Many other amino acids, in addition to the ones listed here, are known to exist. They occur in some, but by no means all, proteins. Figure shows some examples of the many possibilities.

They are derived from the common amino acids and are produced by modification of the parent amino acid after the protein is synthesized by the organism in a process called posttranslational modification.

Hydroxyproline and hydroxylysine differ from the parent amino acids in that they have hydroxyl groups on their side chains; they are found only in a few connective-tissue proteins, such as collagen.

Thyroxine differs from tyrosine in that it has an extra iodine-containing aromatic group on the side chain; it is produced only in the thyroid gland, formed by posttranslational modification of tyrosine residues in the protein thyroglobulin. Thyroxine is then released as a hormone by proteolysis of thyroglobulin.

● A classification scheme for amino acids can be based on the properties of their side chains.

● Two particularly important criteria are the polar or nonpolar nature of the side chain and the presence of an acidic or basic group in the side chain.

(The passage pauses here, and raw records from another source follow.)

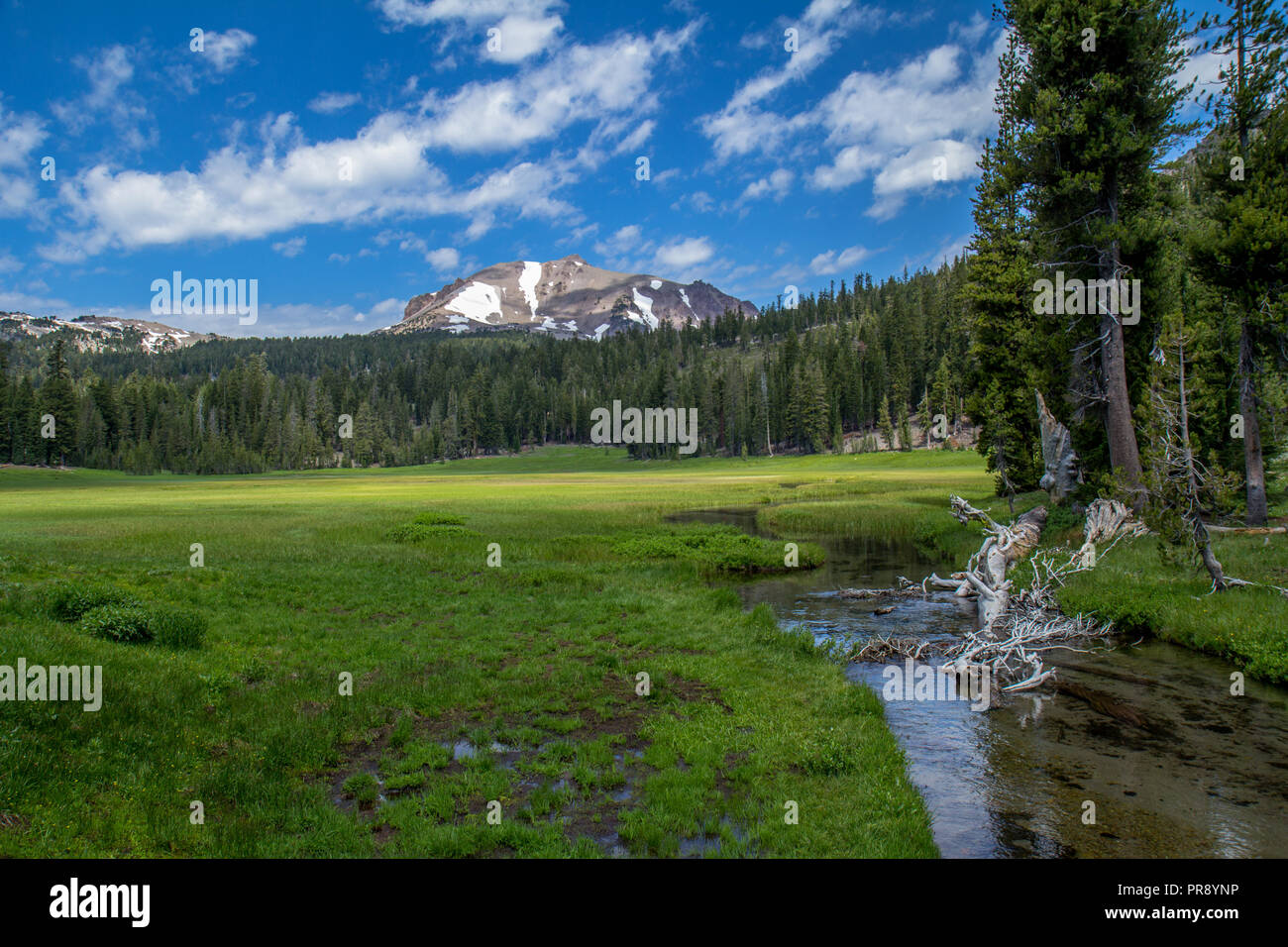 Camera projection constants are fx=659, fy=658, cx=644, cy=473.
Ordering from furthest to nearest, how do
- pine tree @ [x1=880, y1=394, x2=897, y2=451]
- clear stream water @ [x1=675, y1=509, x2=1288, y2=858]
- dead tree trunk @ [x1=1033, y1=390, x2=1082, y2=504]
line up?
pine tree @ [x1=880, y1=394, x2=897, y2=451] → dead tree trunk @ [x1=1033, y1=390, x2=1082, y2=504] → clear stream water @ [x1=675, y1=509, x2=1288, y2=858]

● One group of amino acids has nonpolar side chains.

● The side chains are mostly aliphatic or aromatic hydrocarbons or their derivatives. Polar-

● A second group of amino acids has side chains that contain electronegative atoms such as oxygen, nitrogen, and sulfur.

● Two amino acids, glutamic acid and aspartic acid, have carboxyl groups in their side chains.

● Three amino acids—histidine, lysine, and arginine—have basic side chains.

● Some amino acids are found only in a few proteins.

● They are formed from the common ones after the protein has been synthesized in the cell.